Regional issues on animal genetic resources: trends, policies and networking in Europe

Mäki-Tanila, A.; Hiemstra, S.J.

Samenvatting

European countries are individually and in collaboration carrying out active work on animal genetic resources (AnGR). The region has a very good starting point for work on AnGR: The breed concept was developed in Europe; current European mainstream breeds are derived from local breeds and, in many species, have further formed the core of the international breeds; there has always been very active research in Europe on farm animal genetics and breeding, including sustainable utilization and management of variation. Since the 1970s and 1980s many European countries have been paying attention to local breeds and have saved many of them from total extinction. In quite a few countries, the conservation work has been supported by cryopreservation.

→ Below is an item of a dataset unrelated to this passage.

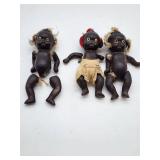Three Made in Japan composition dolls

In the Food and Agriculture Organization of the United Nations (FAO) coordinated process, Europe has actively contributed to assessing the State of the World's Animal Genetic Resources and will continue to implement the Global Plan of Action. There are now national action plans in most of the European countries. The European consumption of animal products has changed very little over recent decades. At the same time, production has become very intensive. Among other driving forces, the development of agriculture is steered by the EU policies. The last decade has seen new kind of thinking and measures directed towards an overall consideration of rural development. This has given room for the revitalization of many local breeds. The aim is to have schemes that promote the self-sustainability of local breeds. The EU also has a very ambitious research programme to support these aims while enhancing the overall sustainable production and management of biological resources. The European Regional Focal Point for Animal Genetic Resources (ERFP) is a common forum for the coordinators of European national programmes on AnGR. There are also many non-governmental organizations (NGOs) working in the animal sector. These NGOs and networks are most relevant to raising awareness about the importance of values of AnGR and in enhancing activities that contribute to conservation and sustainable use of AnGR.